The 3 R’s: Recruitment, retention and retirement

We need to make sure that a refreshed and resourced workforce strategy is delivered by the NI government so we have the staff in place to care for our ageing population patients in the short term but also long term. Workforce projections and a credible workforce plan that is informed by patient demand is key. There is no doubt that workforce shortages are having a negative impact on staff wellbeing and development and are creating risks to patient safety. A strong and supported workforce underpins any chance of success we have in banishing long elective waits for good. The health service of today must also nurture those studying to become the surgical consultants, anesthetists, nurses and GPs of the future. These young students are our diamonds in the rough. Without appropriate support, time and equitable schemes of training, these talents will leave our shores and disappear to other more attractive, and supportive locations. Finally, to say staff need to feel valued in order to stay is a truism often quoted and with good reason. Let’s make NI’s health service a great place to work through investing in a properly resourced retention and recruitment strategy that meets the demands of today and the future. Let’s help our workforce shine bright, and become again the jewel in the crown of our NHS.
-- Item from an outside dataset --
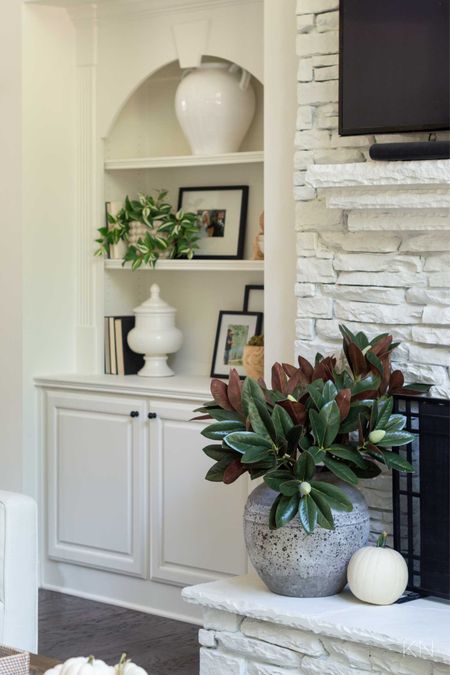 I use these faux magnolia branches throughout my home all year along. Here, I have seven branches in this large stoneware vase on my living room fireplace hearth. home decor living room decor faux magnolia stem faux floral built in styling alabaster white paint

#LTKhome #LTKstyletip #LTKunder50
Niall McGonigle is a thoracic surgeon and Director of the Royal College of Surgeons of England in Northern Ireland. He is also Deputy Head of School of Surgery at the Northern Ireland Medical and Dental Training Agency (NIMDTA) and Training Programme Director (TPD) for Core Surgery. Niall qualified from QUB in 1999 and spent his Houseman’s year at the RVH before embarking on a surgical career. 

He completed his training in Cardiothoracic surgery in 2011 and was appointed as a Consultant Thoracic surgeon to Harefield Hospital, London. During his time in London he was Lead for Thoracic Surgery, Chair for Cancer Services and TPD for NorthWest London for Core Surgery. In 2017, he returned to his native Belfast. He has taken such roles as Lead for Thoracic Surgery, and Chair of the Lung Cancer Clinical Reference Group at NICAN. He works with various charities including Roy Castle Lung Cancer Foundation and Mesothelioma UK.